What the task asks
Beneath this instruction is a block of data; output from it exactly the lines that run from the one containing "clay handprint frame" through the one containing "Lonsdale Institute map", inclusive.

Information shown
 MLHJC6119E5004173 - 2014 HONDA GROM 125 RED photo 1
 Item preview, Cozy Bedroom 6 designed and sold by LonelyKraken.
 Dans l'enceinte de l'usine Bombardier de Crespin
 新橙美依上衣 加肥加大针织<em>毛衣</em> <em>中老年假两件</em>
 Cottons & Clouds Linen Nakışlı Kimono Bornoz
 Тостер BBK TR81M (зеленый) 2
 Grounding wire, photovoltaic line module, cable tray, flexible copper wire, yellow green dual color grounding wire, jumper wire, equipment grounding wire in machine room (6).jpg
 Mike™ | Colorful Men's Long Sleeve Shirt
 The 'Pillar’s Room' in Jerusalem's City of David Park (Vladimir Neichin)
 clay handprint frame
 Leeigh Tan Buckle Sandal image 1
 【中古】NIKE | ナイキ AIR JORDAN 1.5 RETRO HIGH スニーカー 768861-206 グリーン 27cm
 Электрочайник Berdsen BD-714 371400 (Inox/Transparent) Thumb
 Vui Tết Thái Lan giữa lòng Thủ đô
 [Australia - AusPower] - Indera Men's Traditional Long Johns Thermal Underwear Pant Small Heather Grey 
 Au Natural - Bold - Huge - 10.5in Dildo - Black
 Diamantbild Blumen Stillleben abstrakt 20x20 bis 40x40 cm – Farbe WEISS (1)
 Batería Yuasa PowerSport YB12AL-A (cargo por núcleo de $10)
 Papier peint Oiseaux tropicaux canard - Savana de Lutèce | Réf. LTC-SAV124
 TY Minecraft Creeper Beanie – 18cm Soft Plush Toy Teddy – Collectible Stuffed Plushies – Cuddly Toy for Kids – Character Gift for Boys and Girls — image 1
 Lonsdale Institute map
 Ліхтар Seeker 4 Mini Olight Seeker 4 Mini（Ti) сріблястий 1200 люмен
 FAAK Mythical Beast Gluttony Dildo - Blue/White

Task result
 clay handprint frame
 Leeigh Tan Buckle Sandal image 1
 【中古】NIKE | ナイキ AIR JORDAN 1.5 RETRO HIGH スニーカー 768861-206 グリーン 27cm
 Электрочайник Berdsen BD-714 371400 (Inox/Transparent) Thumb
 Vui Tết Thái Lan giữa lòng Thủ đô
 [Australia - AusPower] - Indera Men's Traditional Long Johns Thermal Underwear Pant Small Heather Grey 
 Au Natural - Bold - Huge - 10.5in Dildo - Black
 Diamantbild Blumen Stillleben abstrakt 20x20 bis 40x40 cm – Farbe WEISS (1)
 Batería Yuasa PowerSport YB12AL-A (cargo por núcleo de $10)
 Papier peint Oiseaux tropicaux canard - Savana de Lutèce | Réf. LTC-SAV124
 TY Minecraft Creeper Beanie – 18cm Soft Plush Toy Teddy – Collectible Stuffed Plushies – Cuddly Toy for Kids – Character Gift for Boys and Girls — image 1
 Lonsdale Institute map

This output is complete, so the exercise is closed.